Question

A person's monthly bill G has an approximate normal distribution with a variance of 2500 and a mean μ which is a function of several variables: M, the number of meals for which she will have guests, B, an index for how busy she is as work, and H, a variable which takes on 1 for the "holiday" months of November, December, and January, and 0 otherwise. Assume M∼P(8),B∼U[0,1], and μ=300+10M−100B+50H Question 7 0.0/1.0 point (graded) How is G distributed for a November where M=10 and B=.5 ?

A. G∼N(250,625)
B. G∼N(400,625)
C. G−N(250,2500)
D. G−N(400,2500)

What is F[G] ?

Answer 1

For a November with M=10 and B=0.5, the monthly bill G is normally distributed with a mean of 400 and a variance of 2500, so the correct distribution is G∼N(400, 2500). F[G] is the cumulative distribution function of G.

Step-by-step explanation:

The student is asking how the monthly bill G is distributed for a November where M (the number of meals) is equal to 10, B (an index for how busy she is at work) is equal to 0.5, and it is a 'holiday' month (where H equals 1). Given that the variance of G is 2500, and the formula for the mean μ is given as μ=300+10M−100B+50H, we can calculate:

μ = 300 + 10(10) - 100(0.5) + 50(1) = 300 + 100 - 50 + 50 = 400.

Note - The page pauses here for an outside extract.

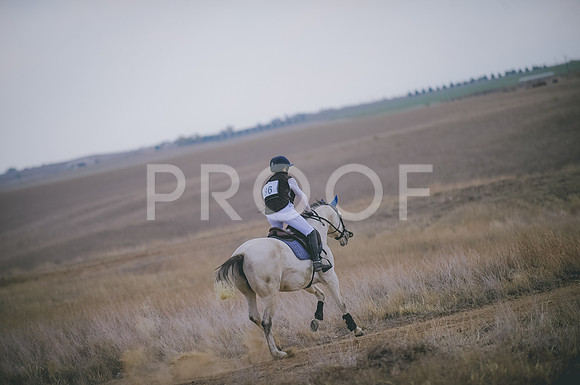 JJS_4471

So, the mean of G for a November where M=10 and B=0.5 is 400. Since the variance is given as 2500, the standard deviation σ would be the square root of the variance, which is σ = 50. Therefore, G is normally distributed with a mean (μ) of 400 and a standard deviation (σ) of 50. Hence, G∼N(400, 2500).

The distribution function F[G] refers to the cumulative distribution function (CDF) of G, which gives the probability that G will take on a value less than or equal to a certain number.